In South Beach, the days of schlepping down to the beach with a grubby towel and a paperback are long gone. Everyone is on roller-blades, skateboards, bikes, or dressed for volleyball, basket-ball or the gym. They are doing Tai Chi, press-ups, jogging, running, walking. (I thought it was meant to be a holiday.) On the volleyball courts, there are more people playing or watching than Wimbledon. Even the police – on their racing bikes – are athletic, super-cool posers. By mid-afternoon, the sallow-faced, sun-shy, gym-free, knobbly-kneed, red-nosed Brits are easy to spot, retreating from the Beach as everyone else arrives, hands raised to the sky, hiding from the sun like Nosferatu

The truth is, besides working out or working on your tan, once you’ve left the beach, there really isn’t much to do in South Beach. The shops are empty and exorbitant. The shops assistants run their eyes over the old tennis shorts or plimsolls you are wearing, and a look of actual pain appears on their faces, as if a tramp had sat down next to them. You can see their expression say ‘hey, this guy’s not a model ! Christ, he hasn’t even got a tan. Gettouttamysight !!”
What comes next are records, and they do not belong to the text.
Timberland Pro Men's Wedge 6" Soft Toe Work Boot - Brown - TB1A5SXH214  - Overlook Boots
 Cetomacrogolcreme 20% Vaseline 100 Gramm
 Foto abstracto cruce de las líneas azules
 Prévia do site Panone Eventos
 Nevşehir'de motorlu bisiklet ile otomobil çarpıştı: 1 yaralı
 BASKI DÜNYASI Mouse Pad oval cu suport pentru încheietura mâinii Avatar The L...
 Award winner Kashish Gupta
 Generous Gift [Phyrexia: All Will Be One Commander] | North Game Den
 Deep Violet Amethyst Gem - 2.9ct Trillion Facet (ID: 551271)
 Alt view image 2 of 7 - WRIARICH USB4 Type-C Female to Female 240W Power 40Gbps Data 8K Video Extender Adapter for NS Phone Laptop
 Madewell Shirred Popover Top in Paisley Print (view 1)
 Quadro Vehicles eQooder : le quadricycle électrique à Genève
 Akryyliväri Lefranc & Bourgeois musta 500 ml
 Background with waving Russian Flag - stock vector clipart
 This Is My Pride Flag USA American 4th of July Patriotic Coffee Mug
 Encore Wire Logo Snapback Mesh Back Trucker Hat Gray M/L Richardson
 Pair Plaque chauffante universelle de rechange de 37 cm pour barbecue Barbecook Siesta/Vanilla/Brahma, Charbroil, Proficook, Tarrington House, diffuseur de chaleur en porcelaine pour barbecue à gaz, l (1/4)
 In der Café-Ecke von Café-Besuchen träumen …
The restaurants are over-priced, over-crowded, and pumping out techno. The waiters and waitresses in South Beach (all aspiring models) are pretty, but as bad as anywhere in the world, more interested in checking their hair in the mirror than remembering your order.

South Beach is one of those places, like LA or Las Vegas, where literally no-one goes for the food. So everywhere along Ocean Drive is the same: onion rings the size of Goodyears, burgers and swordfish with chips like boxers’ fingers, salads like overgrown allotments, and endless re-fills of 7-Up full of ice.
“I can’t believe you ate all that !” the snub-nosed sex-kitten gasped as she took my plate. “You scare me.” (I didn’t realise the fashionable thing was to pick at it. Not just eat it all.)

The only way to enjoy South Beach is to remember that, however cool it is meant to be, being British, you are still cooler. Whatever the style magazines say, South Beach is basically a beach resort, over-run with all the inherent naffness that that entails. At night, there are more people offering a $ 20 polaroid poses with their pet tarantula/iguana/python named “Madonna” than you’ll find anywhere from Brighton to Ibiza.

The Delano, The Tides and The Marlin are fine for an hour but the blend of vacuous pretension and humourless style-over-content quickly becomes unbearable. The swimming-pool at the Delano, with a table and chess-set placed out in the middle of water is a particular embarrassment – like a Hypnosis album cover for Supertramp. The reception is like The World’s Largest Drapes Championships.

For somewhere supposedly so chic, South Beach is still firmly immersed in the 80s. Prince, Sean Penn and Mickey Rourke all used to own night-spots here. Vanilla Ice, Madonna, and Gloria Estefan all lived here and the legacy of that awful era is still there.

The music you hear is Steely Dan, Bob Marley, The Police. The South Beach style is still all Calvin Klein, Versace, Miami Vice. You actually still see people with jacket sleeves rolled up, and wearing white alligator-skin shoes. The barmen obviously all think Tom Cruise in Cocktail was cool and at night the number of Harleys, limousines and sports cars cruising up and down Ocean Drive as if they were cool is worse than the Kings Road in its hey-day. The roller-blades girls remain defiantly unashamed of their Jane Fonda/Olivia Newton-John headbands.

Thus the best sporting activity is people-watching, sitting outside a bar all night and watching the frantic, manic vanity parade that takes place every night go by – the drag queens, leather queens, body-builders who look as if they’re made of sausages and crazies.

Before long, you will become proud of the fact that you have no muscle definition, you have no $ 80 designer basketball shorts, no personal trainer, and above all, no suntan. You have a red nose.

From the point of view of watching the most unfashionable place in the world walking by – as if it were the MOST fashionable – South Beach couldn’t be better.

Catwalks, after all, are for watching not for appearing on.